This repository contains a comprehensive deepfake audio detection system that evaluates the effectiveness of five distinct machine learning models. These models are designed to detect and identify manipulated audio recordings to provide robust and accurate results. The models implemented in this project are:
- RNN: Effective for time-series analysis by learning temporal patterns in audio data.
- CNN: Ideal for extracting spatial features from audio spectrograms for classification.
- Transformer: Employs self-attention for capturing global context in audio sequences.
- wav2vec: A pre-trained model that provides rich audio embeddings, enhancing feature representation.
- RawNet2: Processes raw waveforms for direct end-to-end learning without additional feature extraction.
The models are trained and evaluated using a variety of audio representations:
- Mel Spectrograms: Represent audio with a frequency scale that aligns closely with human auditory perception.
- MFCC (Mel-Frequency Cepstral Coefficients): Extracts features that closely mimic the human ear's response.
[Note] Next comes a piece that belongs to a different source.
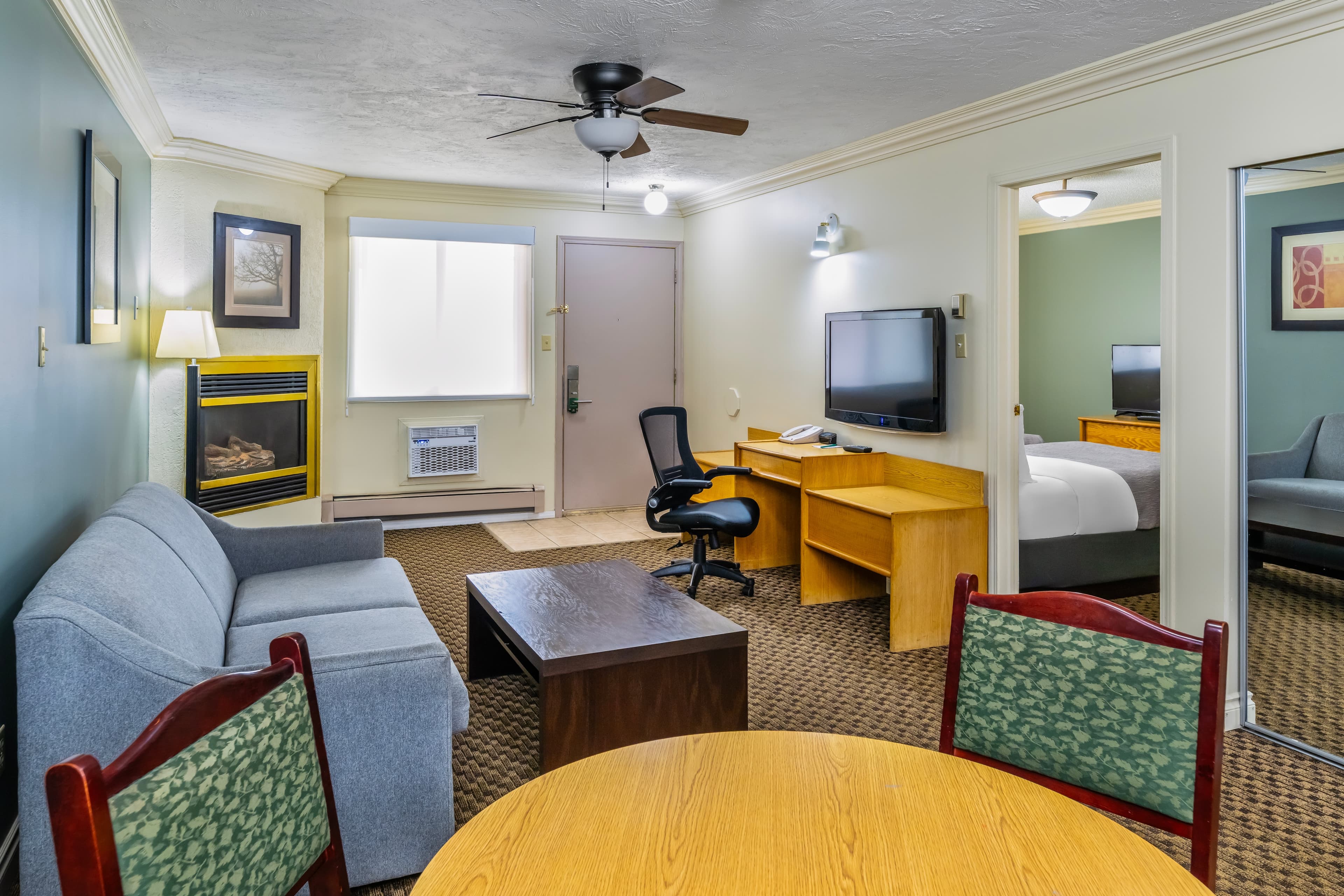 Quality Inn & Suites — 8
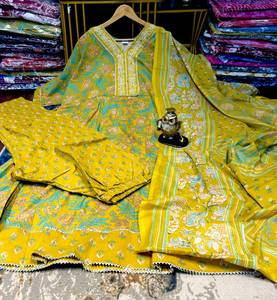 Ensemble élégant de kurta, pantalon et dupatta en toile de coton à motifs floraux pour femmes |   Longueur longue |   Broderie sur le col |   Grande taille 3XL 6XL - Product Image 2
- VQT (Variable-Q Transform): Provides adaptive resolution for analyzing audio at different frequency bands.
- CQT (Constant-Q Transform): Represents audio with a resolution that matches the perception of musical pitch.
- Log Spectrograms: Logarithmic scaling highlights frequency components to help models identify distinctive audio features.
The project evaluates the models using:
- Accuracy: Overall performance metric.
- F1-Score: Balance between precision and recall.
- AUC (Area Under the Curve): Measures the ability to distinguish between classes.
- EER (Equal Error Rate): Indicates the point where the false acceptance rate equals the false rejection rate.
In The Wild Dataset: https://deepfake-total.com/in_the_wild